# 2016 Spring gobbler!



## goosefreak (Aug 20, 2009)

Well, that was my shortest hunting trip. I left work late Wednesday night and got to camp at midnight, where my dad and brother were already at. My Bro and I got up and hit a spot where I'v always known turkeys to roost. The bird started gobbling his head off at about 5:50. We snuck into about 90 yards from his tree and set up my decoy.. At 6:00am I made my first call, real soft and gentle. Thats all it took. he soon came out of his tree and came sprinting in. 

At 20 yards I dropped the hammer on him. Just in time to snap a few pictures before it got too light


----------



## hawglips (Aug 23, 2013)

Congratulations goose freak!


----------



## twinkielk15 (Jan 17, 2011)

Nice! So bittersweet when a hunt goes that quickly.


----------



## bekins24 (Sep 22, 2015)

Definitely a love/hate relationship with getting one that early. Congrats though!


----------



## katorade (Sep 23, 2007)

Nice Bird!


----------



## Fear the rack (May 15, 2016)

Nice bird! I've gone out 4 times last year, nothing. I scouted a couple times this year and found a few, but when we went up they wouldn't respond. Any suggestions on where to check out?


----------



## goosefreak (Aug 20, 2009)

Fear the rack said:


> Nice bird! I've gone out 4 times last year, nothing. I scouted a couple times this year and found a few, but when we went up they wouldn't respond. Any suggestions on where to check out?

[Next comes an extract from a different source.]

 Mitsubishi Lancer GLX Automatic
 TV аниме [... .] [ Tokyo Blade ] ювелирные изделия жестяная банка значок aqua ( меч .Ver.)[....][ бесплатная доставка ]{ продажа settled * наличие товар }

where have you been going?


----------



## Fear the rack (May 15, 2016)

By a small town called Wallsburg. It's near Deer Creek. We take this dirt road back by this meadow. There's always at least one hunter there so it's a known place but it's not over hunted. I haven't heard them except strait at 5:30. After that, they never make a noise.


----------